▸ What you are asked to do
The entries below must be reproduced exactly; their pictures are not part of the copy.

(Items listed in a dataset)
__________________________________________________
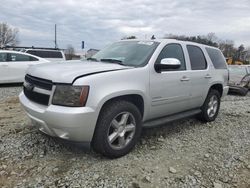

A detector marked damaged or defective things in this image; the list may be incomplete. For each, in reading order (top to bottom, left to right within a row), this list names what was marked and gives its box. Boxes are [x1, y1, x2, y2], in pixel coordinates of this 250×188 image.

headlight damage [52, 85, 89, 107]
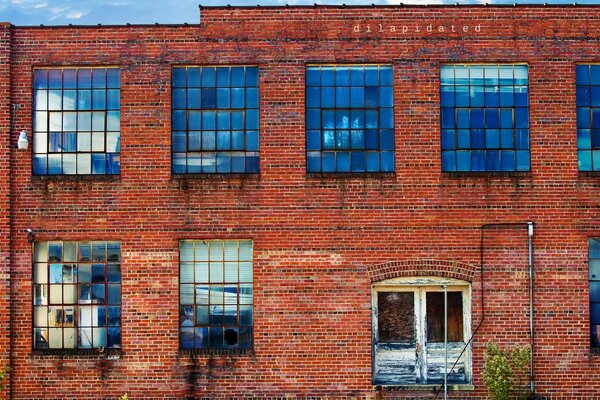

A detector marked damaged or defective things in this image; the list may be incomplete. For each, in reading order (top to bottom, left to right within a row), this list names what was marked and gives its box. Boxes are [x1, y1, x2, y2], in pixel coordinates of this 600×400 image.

broken window pane [378, 290, 414, 344]
broken window pane [424, 292, 466, 342]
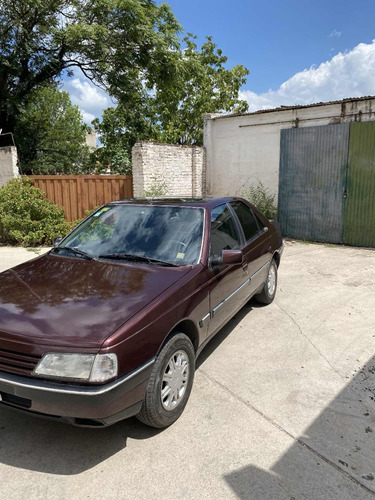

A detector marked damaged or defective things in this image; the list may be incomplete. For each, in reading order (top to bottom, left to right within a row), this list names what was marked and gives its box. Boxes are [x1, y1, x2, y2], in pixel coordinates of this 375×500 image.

cracked concrete ground [0, 240, 375, 498]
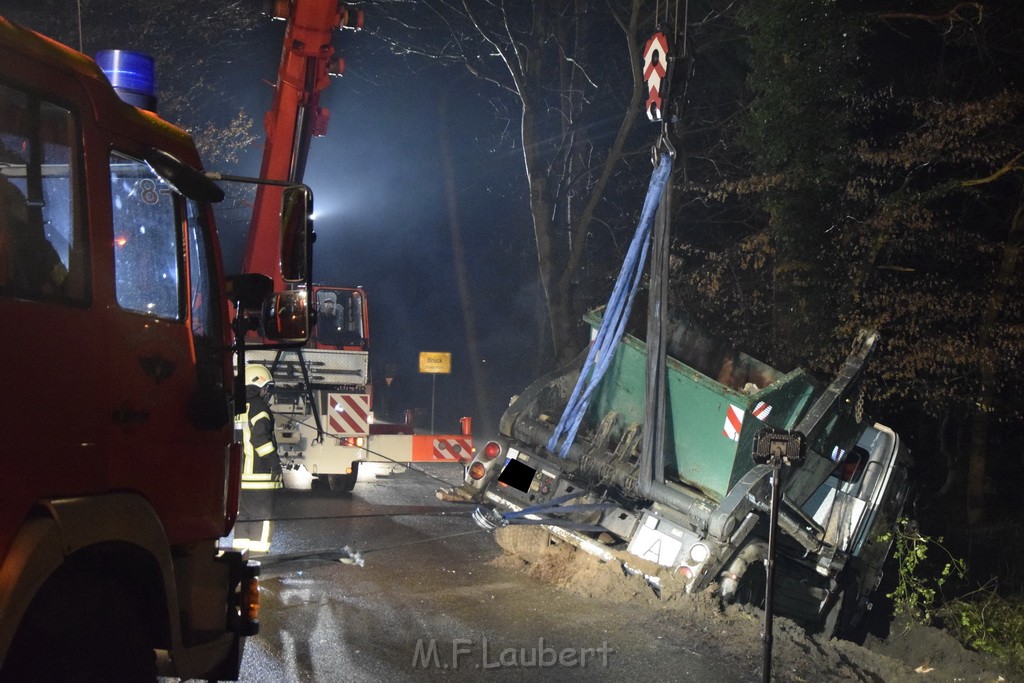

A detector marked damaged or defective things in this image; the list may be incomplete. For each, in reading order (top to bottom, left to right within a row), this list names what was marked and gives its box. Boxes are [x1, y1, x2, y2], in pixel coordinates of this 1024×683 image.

overturned truck [456, 307, 913, 638]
__________________________________________________
▸ Your solution
A detector marked damaged or defective things in this image; the list may be incomplete. For each, in reading order (top to bottom, left to right within a row), this list names what was marked and gives its box. Boxes are [x1, y1, x2, y2], in pixel coordinates of this 250×188 image.

headlight damage [52, 85, 89, 107]

A detector marked damaged or defective things in this image; the list may be incomplete. For each, in reading order (top to bottom, left to right within a row), this list names what was marked and gives its box. Boxes are [x1, y1, x2, y2], in pixel coordinates of this 600×400 image.

broken window pane [378, 290, 414, 344]
broken window pane [424, 292, 466, 342]

A detector marked damaged or defective things in this image; the list may be incomplete. For each, in reading order (top to bottom, left to right within a row), this list names what was marked and gives its box. Boxes are [x1, y1, x2, y2], in pixel coordinates of this 375×500 image.

cracked concrete ground [0, 240, 375, 498]

A detector marked damaged or defective things in this image; the list may be incomplete. For each, in reading order (top to bottom, left to right within a row), this list names what was marked and gives its box. Boxes are [x1, y1, x2, y2], in pixel coordinates of this 1024×683 image.

overturned truck [456, 307, 913, 638]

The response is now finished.